A Volkswagen confirmou que deixará de vender carros com câmbio manual nos Estados Unidos após o fim da linha 2026. A decisão marca mais um capítulo no desaparecimento dos tradicionais “três pedais” no mercado automotivo mundial, cada vez mais dominado pelos modelos automáticos.
O último veículo da marca equipado com transmissão manual na América do Norte é o Volkswagen Jetta GLI, que atualmente utiliza caixa manual de seis marchas. No entanto, o sedan esportivo perderá essa opção na linha 2027 e passará a ser vendido apenas com o câmbio DSG automatizado de sete marchas — o mesmo utilizado no Brasil.
Volkswagen admite queda na procura
A retirada dos modelos manuais já vinha acontecendo nos últimos anos. Antes disso, a fabricante também havia encerrado a oferta do câmbio manual nos Volkswagen Golf GTI e Golf R vendidos no mercado norte-americano.
A mudança mostra que nem mesmo modelos tradicionalmente ligados aos entusiastas escaparam da nova realidade da indústria automotiva.
Em declaração ao TFLCar, um porta-voz da Volkswagen admitiu que a baixa demanda tornou a permanência dos manuais inviável comercialmente.
“Como motoristas e entusiastas de carros, também apreciamos os câmbios manuais! É por isso que nossa região se esforçou tanto para mantê-los disponíveis — sabemos que isso é importante para um pequeno, porém apaixonado, grupo de motoristas que adoram ter o controle total da direção e trocar as marchas manualmente”, afirmou.
Na sequência, a marca reconheceu que o mercado deixou de sustentar esse tipo de transmissão.
“Mesmo assim, a demanda global continuou a diminuir a ponto de o mercado não conseguir sustentá-la. Por mais doloroso que seja, essa realidade significou tomar decisões difíceis”, completou.
Leia Também:
Manuais seguem vivos em mercados emergentes
Apesar do fim nos Estados Unidos, a Volkswagen ainda mantém carros com câmbio manual em diversos países, principalmente em mercados emergentes, onde o preço mais acessível e a manutenção mais simples continuam influenciando na escolha dos consumidores.

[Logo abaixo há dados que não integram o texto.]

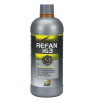 Huile de coupe 750ml FAREN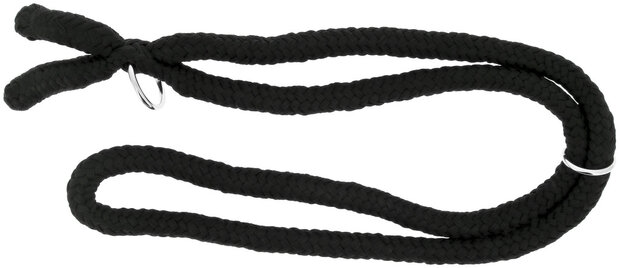 Norton Ethological Neckrope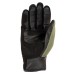Oxford Dakar 1.0 Three Seasons Motorcycle Glove for Men - Khaki Oxford Dakar 1.0 Three Seasons Motorcycle Glove for Men - Khaki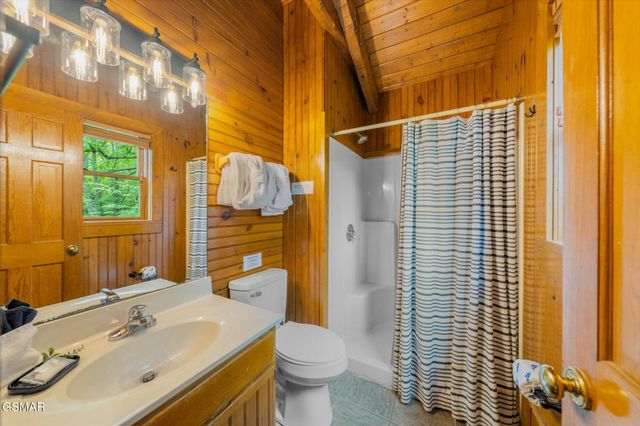 3342 Twin City Way, Pigeon Forge, TN 37863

No Brasil, por exemplo, o sistema ainda aparece em modelos de entrada como Volkswagen Polo, Virtus, Saveiro e também no novo Volkswagen Tera.

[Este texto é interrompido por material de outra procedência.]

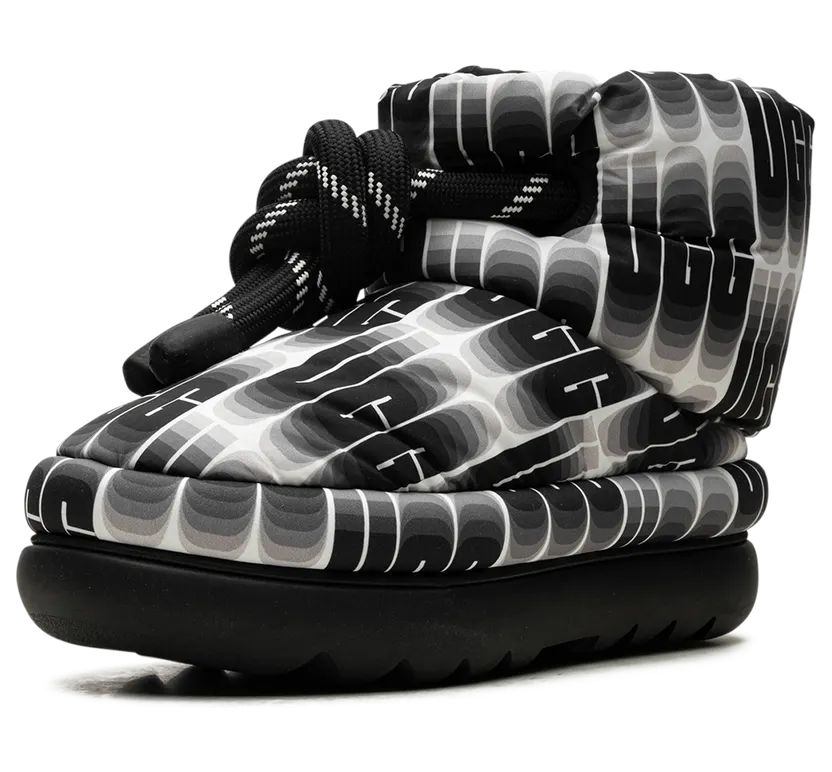 ugg-sneaker 1134610-BWHT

Além disso, alguns países da Europa e mercados como a Índia seguem oferecendo versões manuais em veículos de entrada. O T-Cross europeu, por exemplo, ainda possui opções com transmissão manual, assim como o Taigo — versão europeia do Nivus — e algumas configurações do Polo vendidas no continente.

Esportivos já abandonaram os três pedais
Enquanto isso, os modelos esportivos da fabricante alemã já seguem outro caminho. O Polo GTI europeu utiliza apenas transmissão DSG, repetindo o mesmo cenário visto atualmente no Golf GTI e no Golf R.

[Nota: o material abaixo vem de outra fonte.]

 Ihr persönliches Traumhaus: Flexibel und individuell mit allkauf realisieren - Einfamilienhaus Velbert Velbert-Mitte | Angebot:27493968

Regras de emissões aceleraram mudança
Além da preferência dos consumidores pelos automáticos, as leis de emissões mais rígidas também ajudaram a acelerar o desaparecimento dos câmbios manuais.
Isso acontece porque as transmissões automáticas modernas conseguem trabalhar de forma mais eficiente para reduzir consumo de combustível e emissões durante os testes padronizados.
Ao mesmo tempo, desenvolver novas caixas manuais se tornou caro demais para um segmento cada vez menor. Segundo especialistas do setor, nem mesmo fornecedores demonstram interesse em continuar investindo nesse tipo de tecnologia.
Frank van Meel, chefe da divisão M da BMW, resumiu recentemente esse cenário ao afirmar que “o câmbio manual não faz mais muito sentido”.
Segundo ele, criar novas transmissões para um nicho cada vez menor se tornou financeiramente complicado, principalmente pela falta de retorno no mercado.